TASK DIRECTIONS: An exact transcription of all the data is required, with every image removed.

EXCERPTED RECORDS:

···

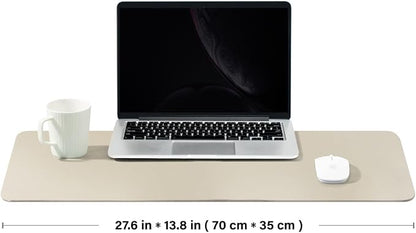 Cork Desk Mat - Dual-Sided Desk Pad - Image 2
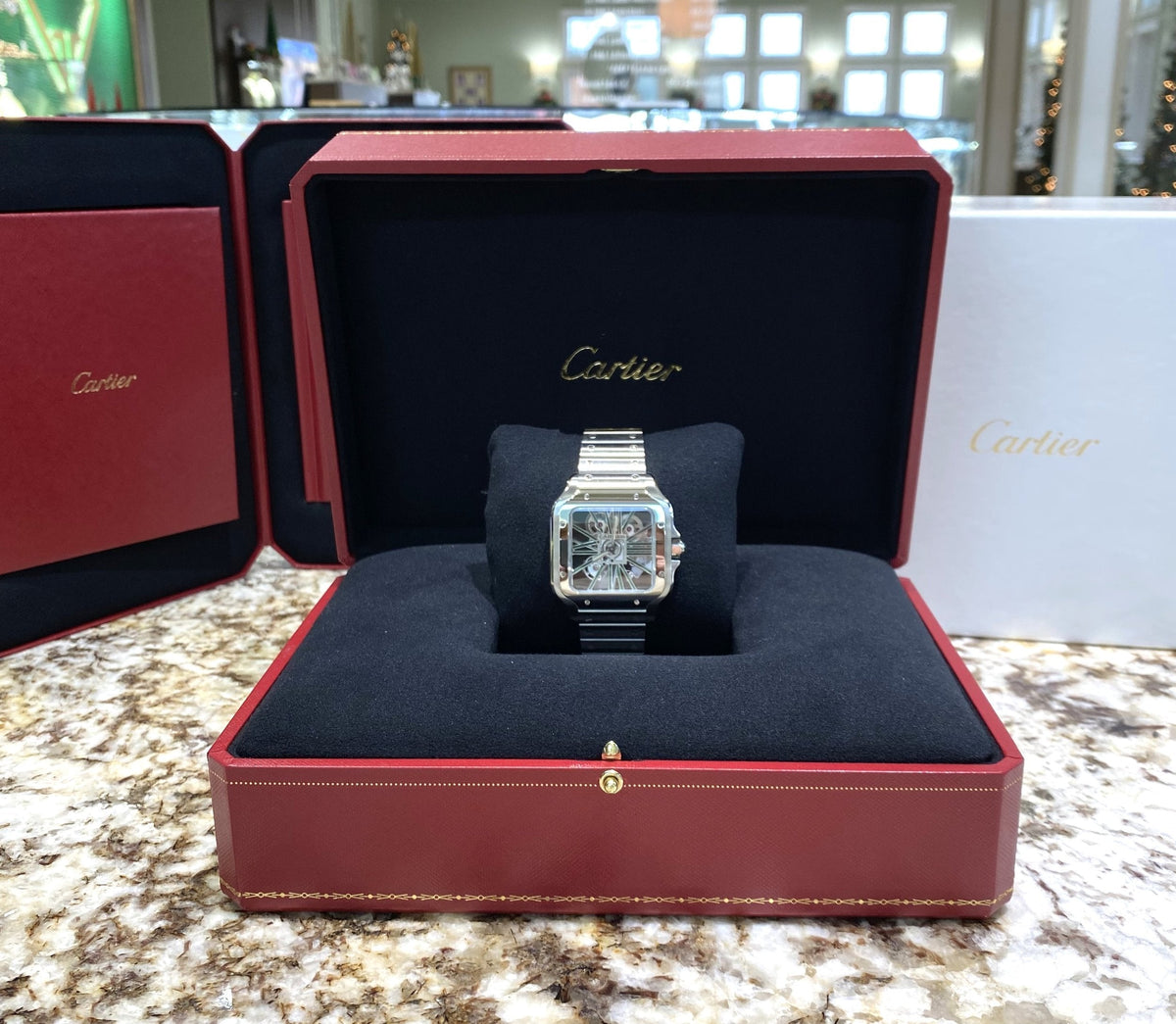 2022 Santos de Cartier Watch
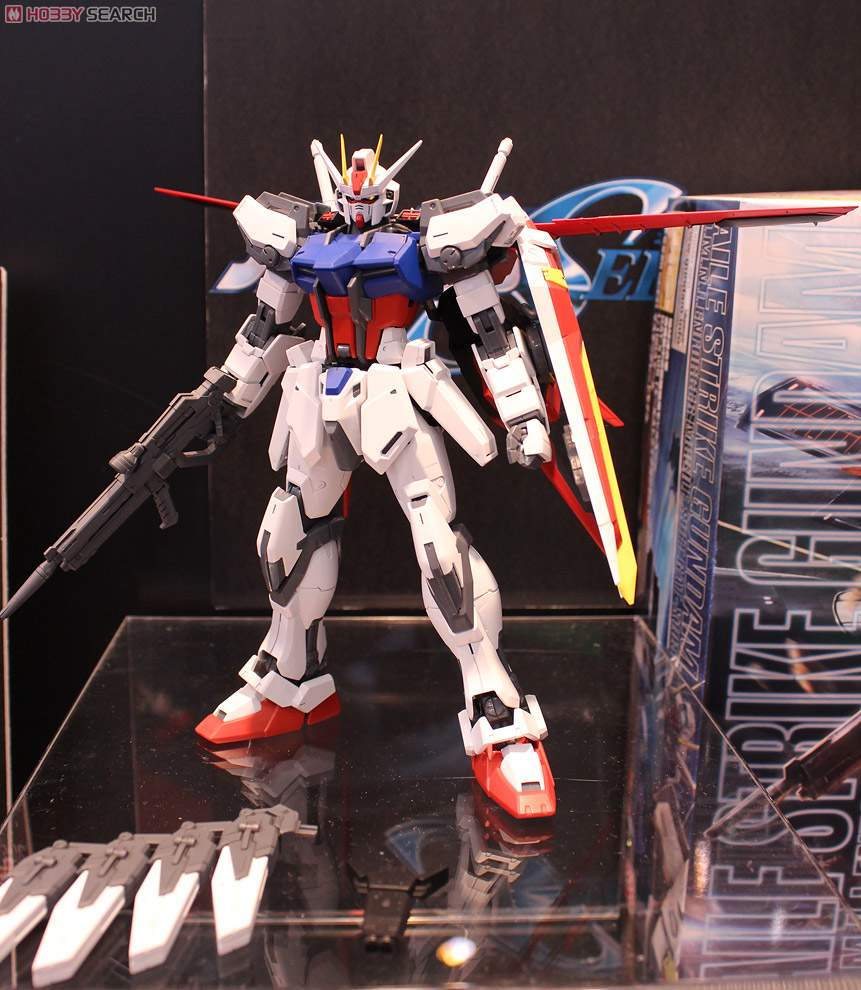 GAT-X105 エールストライクガンダム Ver.RM (MG) (ガンプラ) その他の画像2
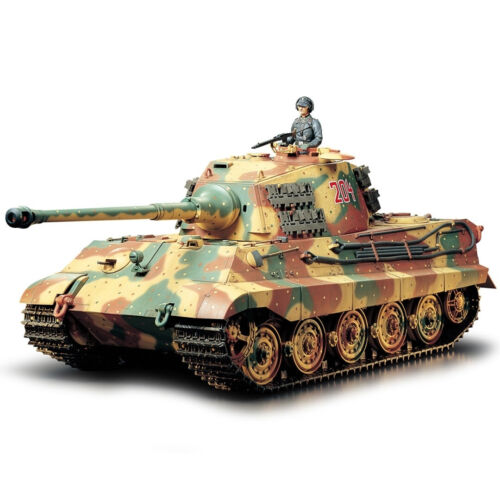 Tamiya 56018 1/16 King Tiger German Heavy Tank Production Turret Full Option Kit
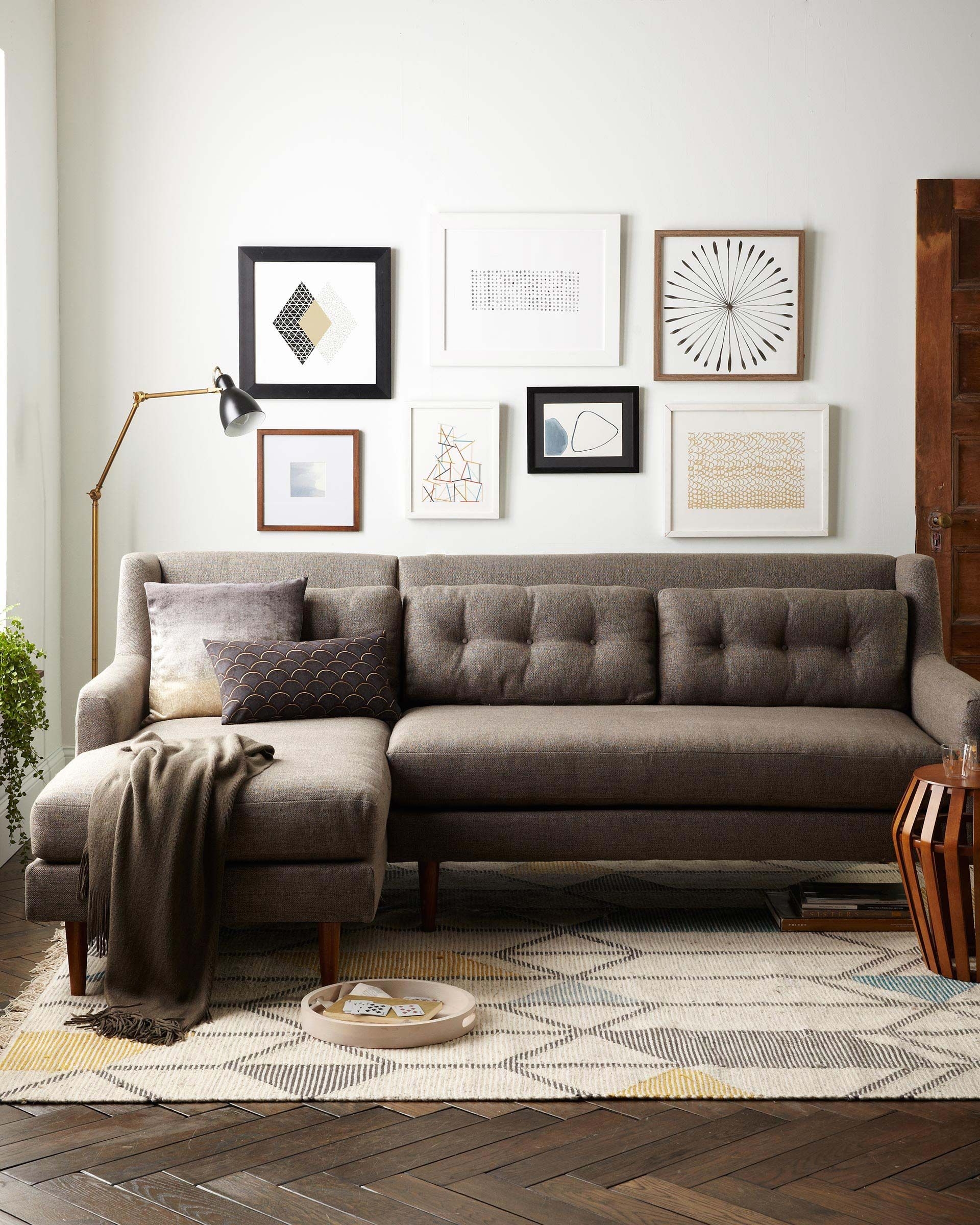 Mini sectional couch
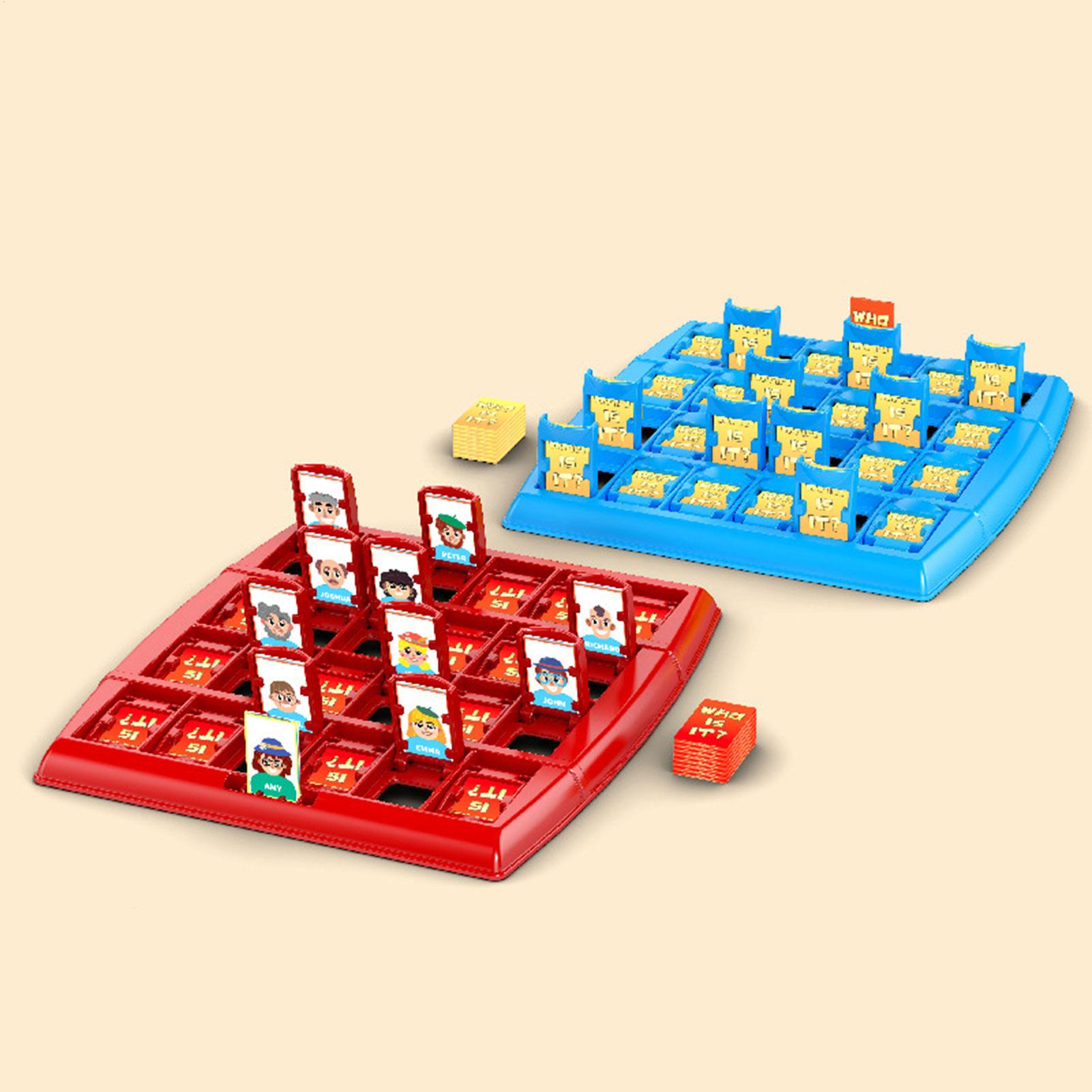 Party Games Quiz - Gioco da Tavolo 'Indovina Chi Sono'
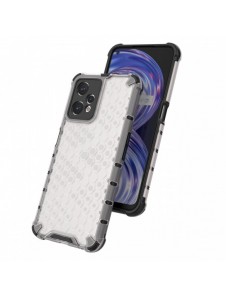 Honeycomb fodral pansarfodral med Realme 9 Pro gelram transparent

···

SOLUTION TO THIS EXERCISE:
 Cork Desk Mat - Dual-Sided Desk Pad - Image 2
 2022 Santos de Cartier Watch
 GAT-X105 エールストライクガンダム Ver.RM (MG) (ガンプラ) その他の画像2
 Tamiya 56018 1/16 King Tiger German Heavy Tank Production Turret Full Option Kit
 Mini sectional couch
 Party Games Quiz - Gioco da Tavolo 'Indovina Chi Sono'
 Honeycomb fodral pansarfodral med Realme 9 Pro gelram transparent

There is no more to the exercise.